User Creation and Association: The federated service then takes over:
- It checks if a user associated with the Apple account already exists.
- If the user doesn't exist, it creates a new user account.
- It associates the Apple provider with the user account, creating a link between the user's application account and their Apple identity.
Token Issuance: After successful user creation or retrieval, the application issues its own access and refresh tokens for the user.

This integration ensures that each Apple login is correctly mapped to a user in your application, maintaining a consistent identity across sessions and logins. Please refer to the nestjs-federated documentation for more information.

Module Options Responsibilities

jwtService: Responsible for verifying Apple tokens. It ensures the validity and integrity of the tokens received from Apple.
issueTokenService: Responsible for generating and managing access and refresh tokens. It handles the response payload for authentication.
authAppleService: Manages the Apple authentication process, handling user login and callback processes. It ensures that the user is authenticated correctly.
Settings: Contains configuration options for the Apple authentication process, including client ID, client secret, callback URLs, and the mapProfile function.

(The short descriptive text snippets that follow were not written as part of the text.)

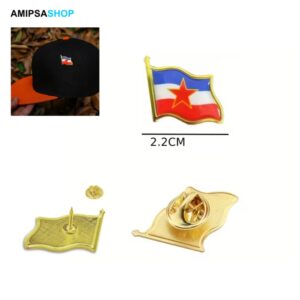 Pin Jugoslawien flagge
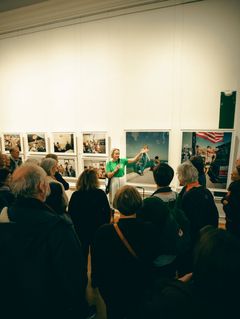 Oslo Negativ 2025, Omvisning i festivalutstilling Martin Parr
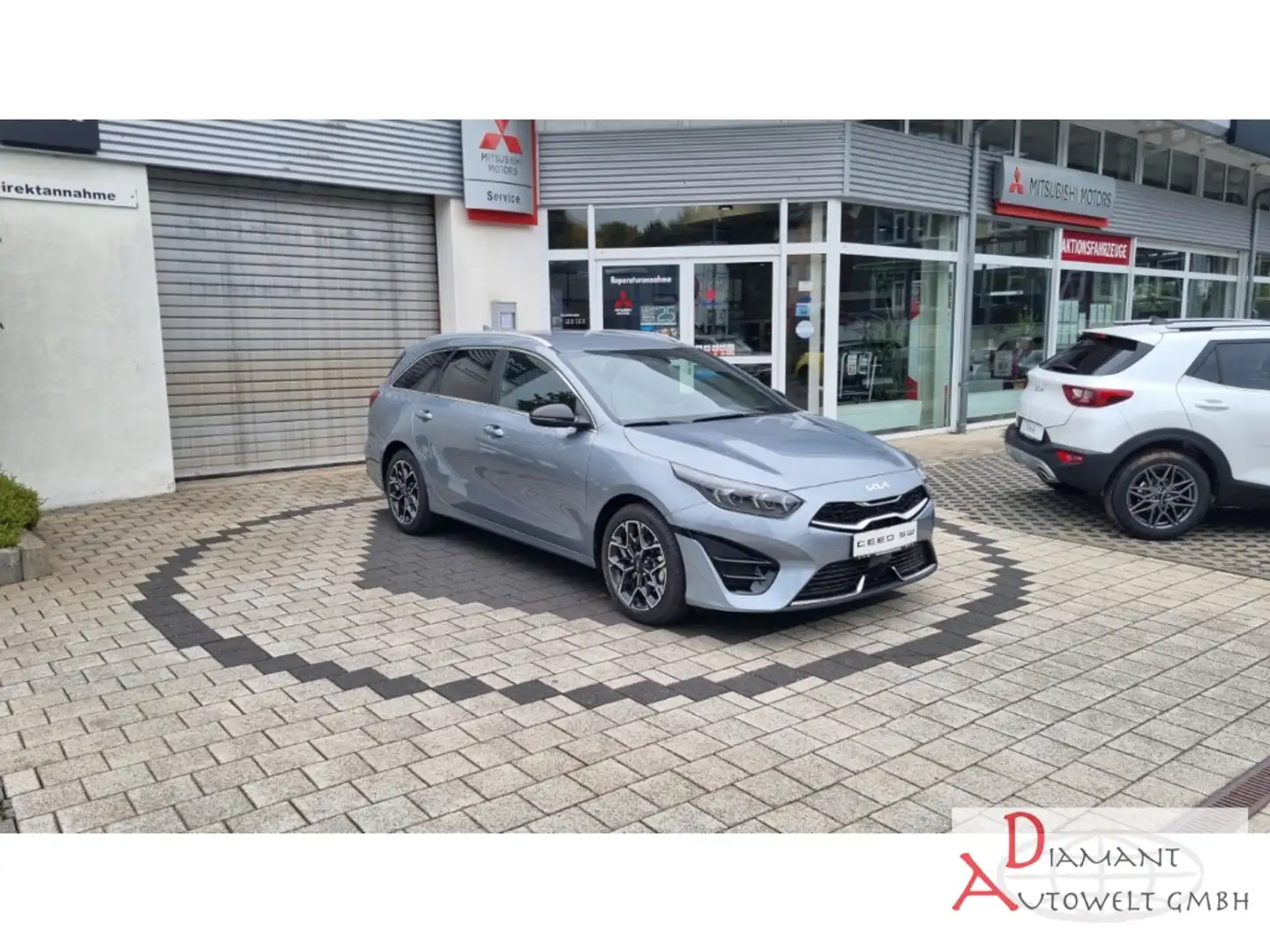 Kia Ceed SW / cee'd SW 1.5T 140 DCT7 GT-Line Technologie Leder Argent - 2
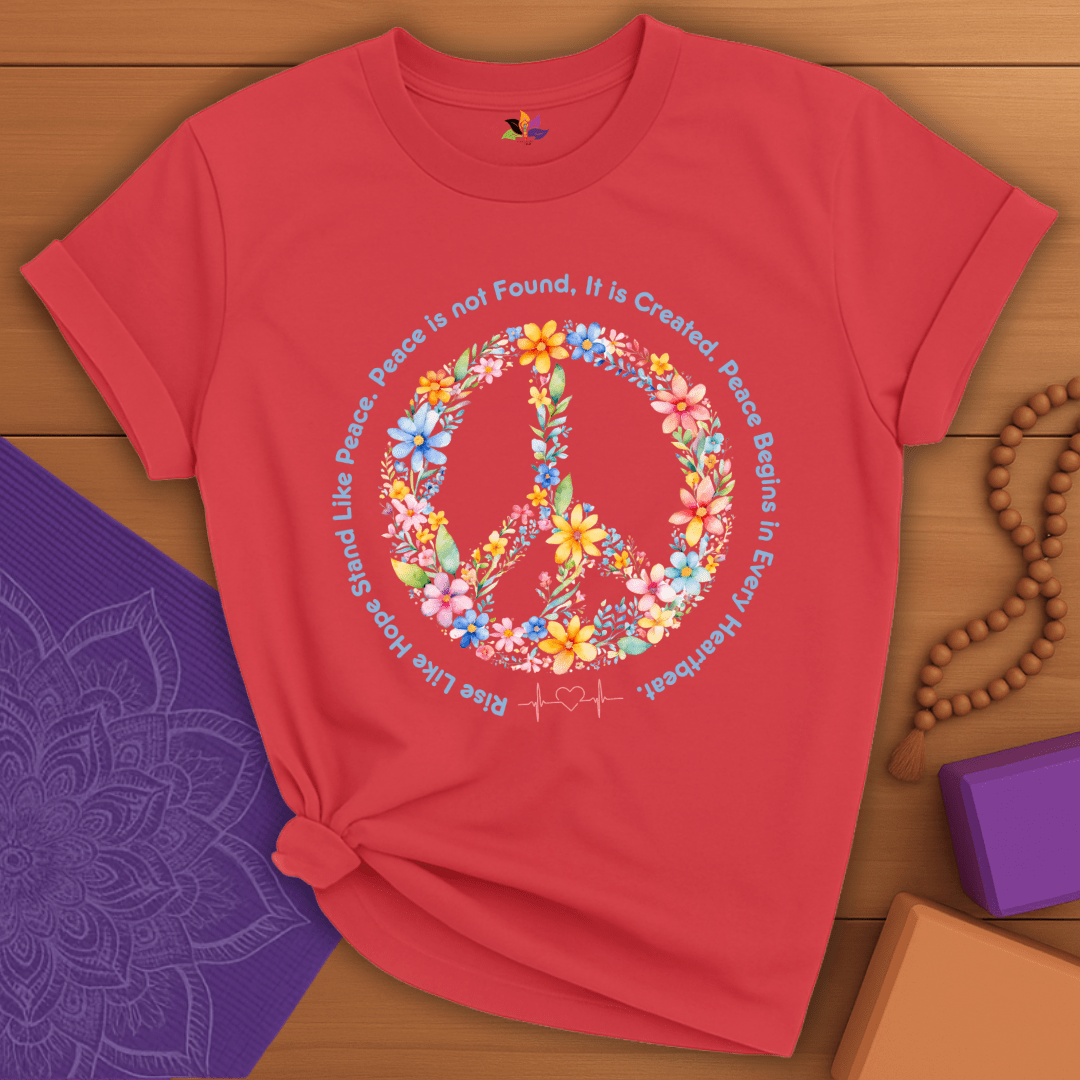 Hope & Peace T-shirt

Settings Configuration Properties

The authAppleDefaultConfig provides several configuration properties that can be customized via environment variables. Below is a detailed description of each property:

loginDto: The Data Transfer Object (DTO) used for login. This is defined by the AuthAppleLoginDto class.
clientID: The client ID for the Apple application. This can be set via the APPLE_CLIENT_ID environment variable. Defaults to ''.
callbackURL: The callback URL for the Apple authentication process. This can be set via the APPLE_CALLBACK_URL environment variable. Defaults to ''.
teamID: The team ID associated with the Apple developer account. This can be set via the APPLE_TEAM_ID environment variable. Defaults to ''.
keyID: The key ID for the Apple private key. This can be set via the APPLE_KEY_ID environment variable. Defaults to ''.
privateKeyLocation: The file location of the Apple private key. This can be set via the APPLE_PRIVATE_KEY_LOCATION environment variable. Defaults to ''.
privateKeyString: The string representation of the Apple private key. This can be set via the APPLE_PRIVATE_KEY_STRING environment variable. Defaults to ''.
passReqToCallback: A boolean indicating whether to pass the request to the callback. Defaults to false.
scope: The scope of the Apple authentication. This can be set via the APPLE_SCOPE environment variable. If not set, defaults to ['email']. The scope is parsed using the authAppleScopeParser utility.
mapProfile: A function to map the Apple profile to the application's user profile. This is defined by the mapProfile utility function.

By structuring the application this way, we ensure a clear separation of concerns, making it easier to manage authentication logic and user data across different services.